Quel mattacchione di Don Matteo.#figlideltuono

In questi giorni un po’ particolari per tutti, c’è chi medita, chi prega, chi canta dai balconi e chi si sente prigioniero nella propria casa, non è quest’ultima la situazione del mio cagnolino Tommy, conteso tra me e mio padre che pur di uscire lo porteremmo a spasso trecento volte al minuto!

Ebbene nei miei momenti di “non so che cosa fare” ho preso tra le mani un giornalino tipo la Settimana enigmistica, di quelli che, in altri periodi, non sopporterei proprio e sfogliandolo ho trovato, piazzata in un cruciverba, la foto di Terence Hill. Ventitré orizzontale, nome del personaggio nell’immagine.

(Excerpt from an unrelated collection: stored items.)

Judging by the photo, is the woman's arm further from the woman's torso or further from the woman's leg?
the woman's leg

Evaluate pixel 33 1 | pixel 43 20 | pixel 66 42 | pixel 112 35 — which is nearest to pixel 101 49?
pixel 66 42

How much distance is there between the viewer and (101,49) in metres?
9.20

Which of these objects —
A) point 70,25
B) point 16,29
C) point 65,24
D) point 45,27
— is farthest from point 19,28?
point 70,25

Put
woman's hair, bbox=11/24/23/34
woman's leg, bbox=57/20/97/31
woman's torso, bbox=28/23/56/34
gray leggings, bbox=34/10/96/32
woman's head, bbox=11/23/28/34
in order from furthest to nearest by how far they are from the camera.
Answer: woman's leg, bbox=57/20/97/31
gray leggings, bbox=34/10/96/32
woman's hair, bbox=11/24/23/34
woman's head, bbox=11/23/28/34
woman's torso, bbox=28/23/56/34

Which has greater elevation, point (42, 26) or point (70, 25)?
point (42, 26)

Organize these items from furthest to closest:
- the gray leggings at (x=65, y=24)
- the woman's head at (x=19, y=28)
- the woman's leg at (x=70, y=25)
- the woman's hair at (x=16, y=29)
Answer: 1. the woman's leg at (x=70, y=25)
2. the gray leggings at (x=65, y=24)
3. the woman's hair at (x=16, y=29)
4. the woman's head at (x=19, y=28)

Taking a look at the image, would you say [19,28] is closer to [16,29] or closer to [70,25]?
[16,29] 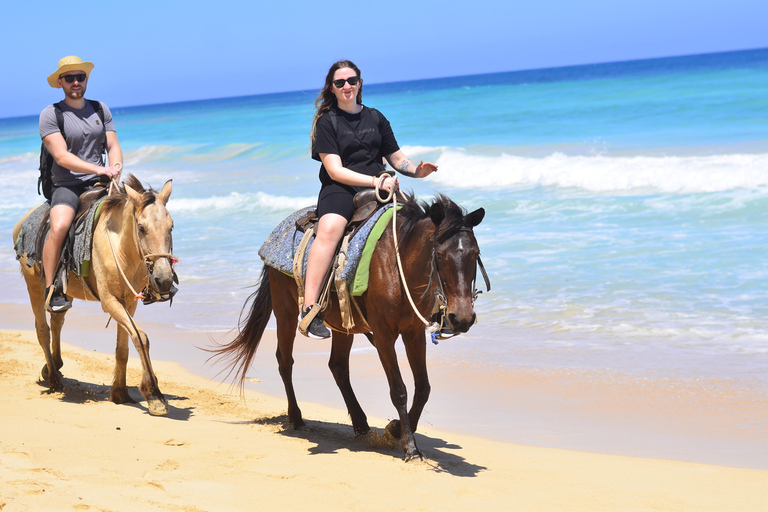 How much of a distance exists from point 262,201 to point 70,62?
13103mm

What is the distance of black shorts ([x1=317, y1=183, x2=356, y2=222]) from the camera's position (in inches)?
202

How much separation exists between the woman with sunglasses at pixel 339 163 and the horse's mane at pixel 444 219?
0.54ft

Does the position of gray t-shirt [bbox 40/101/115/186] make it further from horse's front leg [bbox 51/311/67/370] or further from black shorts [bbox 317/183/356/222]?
black shorts [bbox 317/183/356/222]

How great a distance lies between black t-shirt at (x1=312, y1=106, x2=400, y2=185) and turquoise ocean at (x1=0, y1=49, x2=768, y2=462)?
2548 millimetres

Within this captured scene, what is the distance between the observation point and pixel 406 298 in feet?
15.6

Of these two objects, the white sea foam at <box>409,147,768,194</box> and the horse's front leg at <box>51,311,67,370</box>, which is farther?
the white sea foam at <box>409,147,768,194</box>

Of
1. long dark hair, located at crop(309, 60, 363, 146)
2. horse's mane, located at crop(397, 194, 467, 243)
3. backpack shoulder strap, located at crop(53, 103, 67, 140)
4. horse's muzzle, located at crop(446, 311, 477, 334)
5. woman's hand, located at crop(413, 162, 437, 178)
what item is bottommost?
horse's muzzle, located at crop(446, 311, 477, 334)

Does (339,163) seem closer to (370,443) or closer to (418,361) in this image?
(418,361)

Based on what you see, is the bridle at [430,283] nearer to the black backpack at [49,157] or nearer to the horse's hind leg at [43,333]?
the black backpack at [49,157]

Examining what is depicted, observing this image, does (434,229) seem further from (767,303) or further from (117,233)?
(767,303)

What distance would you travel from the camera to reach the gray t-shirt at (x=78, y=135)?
6535mm

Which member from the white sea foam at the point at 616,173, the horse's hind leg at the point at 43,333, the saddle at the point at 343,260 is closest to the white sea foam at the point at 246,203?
the white sea foam at the point at 616,173

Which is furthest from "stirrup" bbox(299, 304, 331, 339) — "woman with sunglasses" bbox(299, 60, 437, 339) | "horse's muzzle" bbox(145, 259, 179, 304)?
"horse's muzzle" bbox(145, 259, 179, 304)

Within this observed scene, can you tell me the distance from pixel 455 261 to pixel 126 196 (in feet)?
9.75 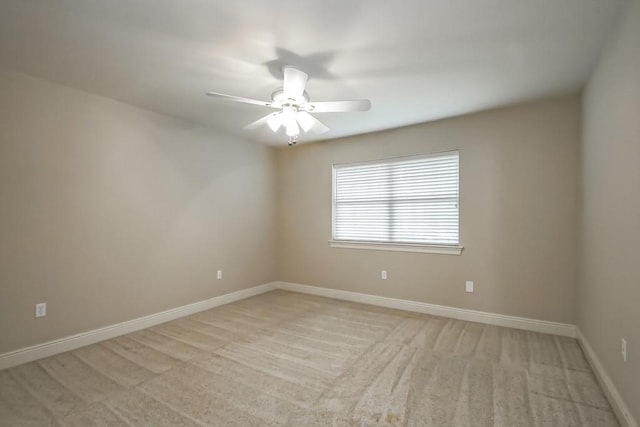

Non ho esitato neanche un minuto: E’ don Matteo”. Ma perché mi avanzano degli spazi?

Riflettendoci meglio Terence Hill per me è diventato ormai don Matteo (a proposito non perdo una puntata di questa fiction e conosco le repliche praticamente meglio degli sceneggiatori!).

Don Matteo è entrato nelle nostre case, in punta di piedi, nel lontano 7 gennaio 2000, circondato da altri personaggi che nel corso di questi 20 anni sono diventati un po’ parte delle nostre famiglie: Natalina, la perpetua, un tantino brontolona, ma dal cuore d’oro; il maresciallo Cecchini che non può fare a meno, nelle indagini, di chiedere il parere di don Matteo, che in fatto di investigazioni la vede lunga.

E poi tanti altri personaggi, volti noti o emergenti, che interpretano quello che c’è nel cuore di ognuno di noi: bontà, desiderio di realizzarsi, inquietudini, a volte anche sentimenti di rabbia, invidia etc. etc. insomma tutto ciò che noi creature, nella nostra fragilità, sperimentiamo.

La cosa sorprendente è che don Matteo non pronuncia mai la parola peccato, ma la sostituisce con responsabilità, sbaglio o altri sinonimi. Questo lo faccio anch’io con i miei alunni perché essendo bambini, preferisco insegnare loro il senso della libertà nella responsabilità, di cui nostro Signore ce ne ha fatto il grande dono.

Ecco per me don Matteo rappresenta “la Chiesa in uscita”, se posso prendere in prestito un’espressione tanto cara al nostro papa Francesco, perché si mostra prossimo a chiunque incontra nel suo cammino, conduce una vita sobria ed è disponibile ad accogliere nella canonica i casi umani più disparati e disperati!

In questi giorni difficili, in cui ci stiamo riabituando all’obbedienza e al rispetto delle regole, per il nostro bene e per quello del nostro prossimo, ci aiuta la preghiera sicuramente, ma un sorriso o un momento di leggerezza può strapparcelo anche il pensiero di un personaggio positivo come don Matteo!

Tutto andrà bene, solo confidando nel Signore nostro, Gesù Cristo.